▶ _Work to complete_
Set down the entries that follow exactly as written, leaving out any images.

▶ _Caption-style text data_
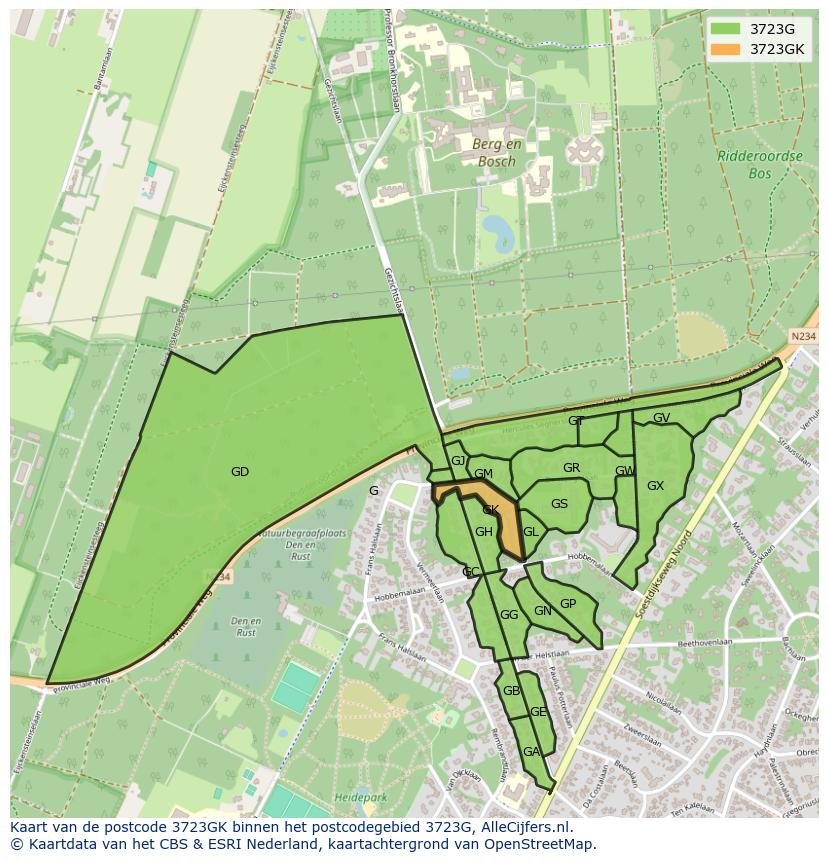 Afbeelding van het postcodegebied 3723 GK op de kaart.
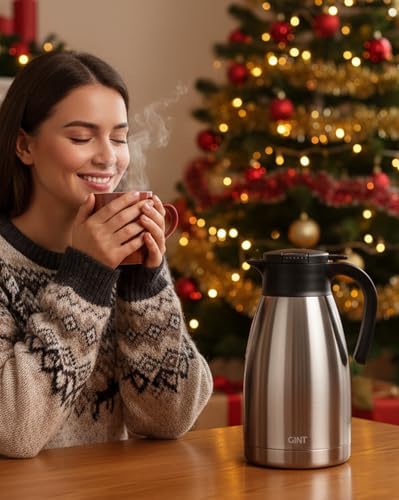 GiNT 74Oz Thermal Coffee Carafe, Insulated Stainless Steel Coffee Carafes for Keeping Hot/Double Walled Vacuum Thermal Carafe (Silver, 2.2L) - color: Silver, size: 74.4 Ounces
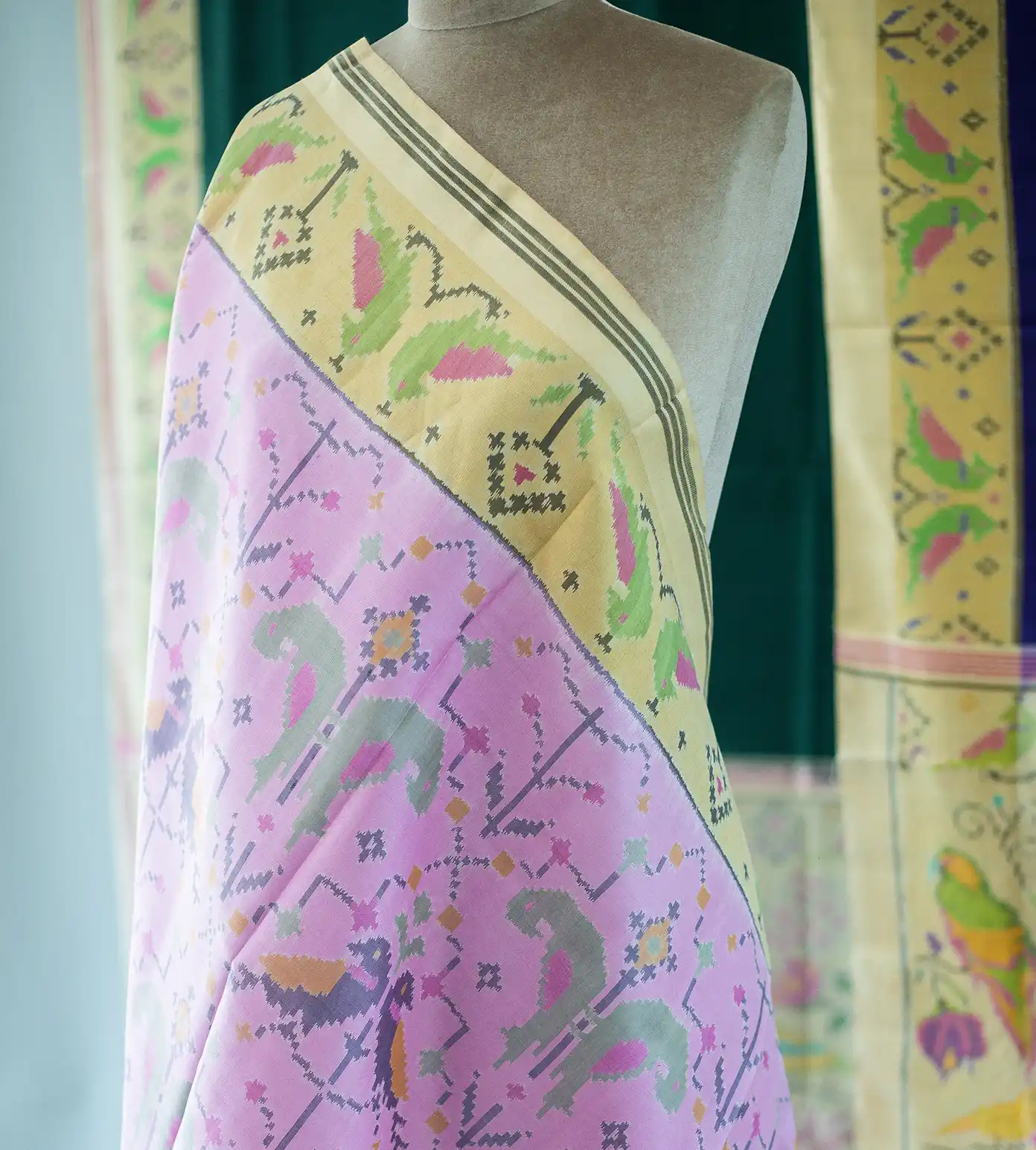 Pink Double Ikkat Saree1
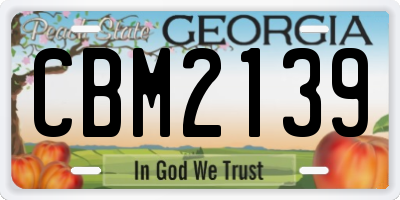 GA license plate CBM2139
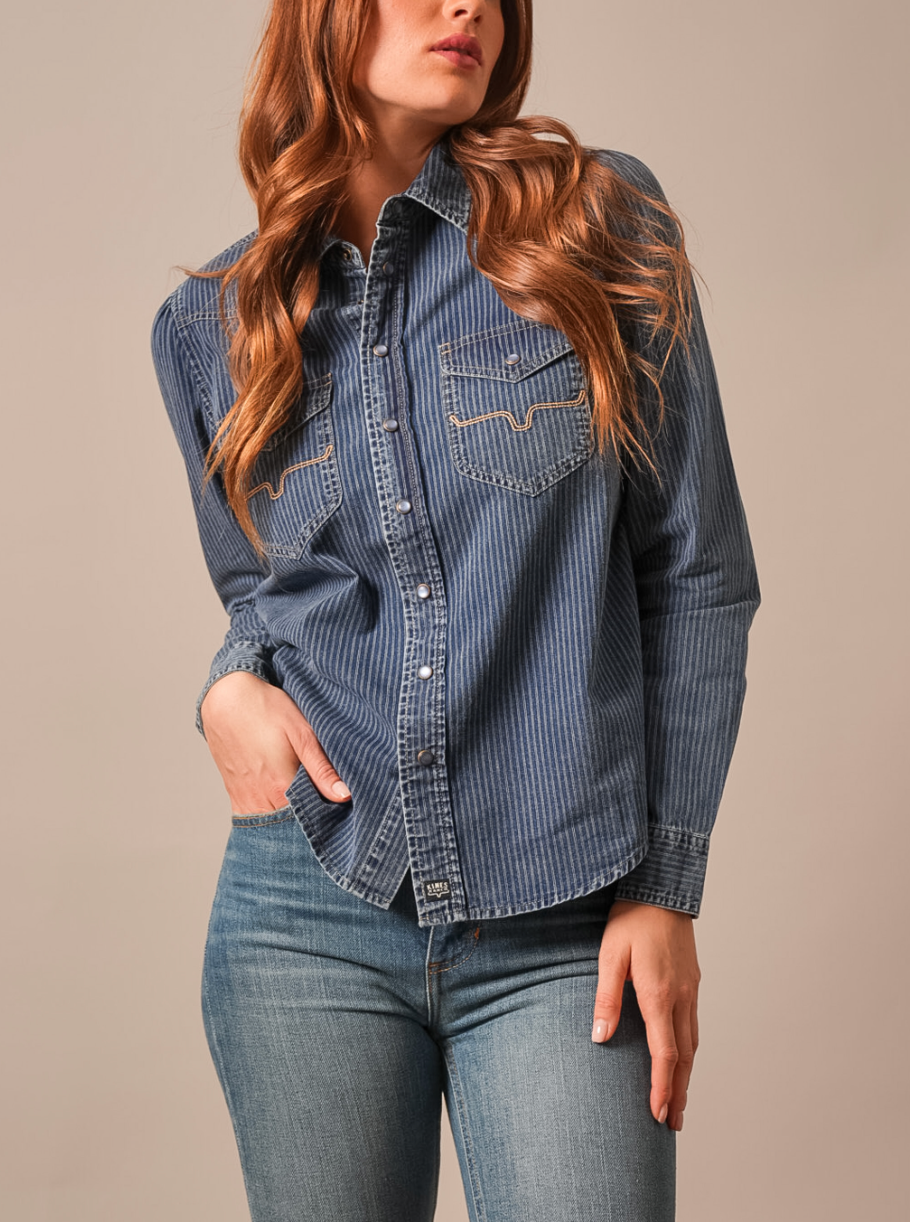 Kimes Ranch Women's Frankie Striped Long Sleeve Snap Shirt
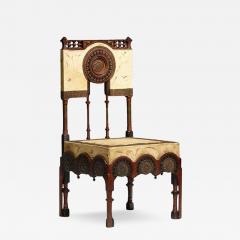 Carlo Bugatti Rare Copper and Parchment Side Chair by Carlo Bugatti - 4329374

▶ _Reply to the exercise_
 Afbeelding van het postcodegebied 3723 GK op de kaart.
 GiNT 74Oz Thermal Coffee Carafe, Insulated Stainless Steel Coffee Carafes for Keeping Hot/Double Walled Vacuum Thermal Carafe (Silver, 2.2L) - color: Silver, size: 74.4 Ounces
 Pink Double Ikkat Saree1
 GA license plate CBM2139
 Kimes Ranch Women's Frankie Striped Long Sleeve Snap Shirt
 Carlo Bugatti Rare Copper and Parchment Side Chair by Carlo Bugatti - 4329374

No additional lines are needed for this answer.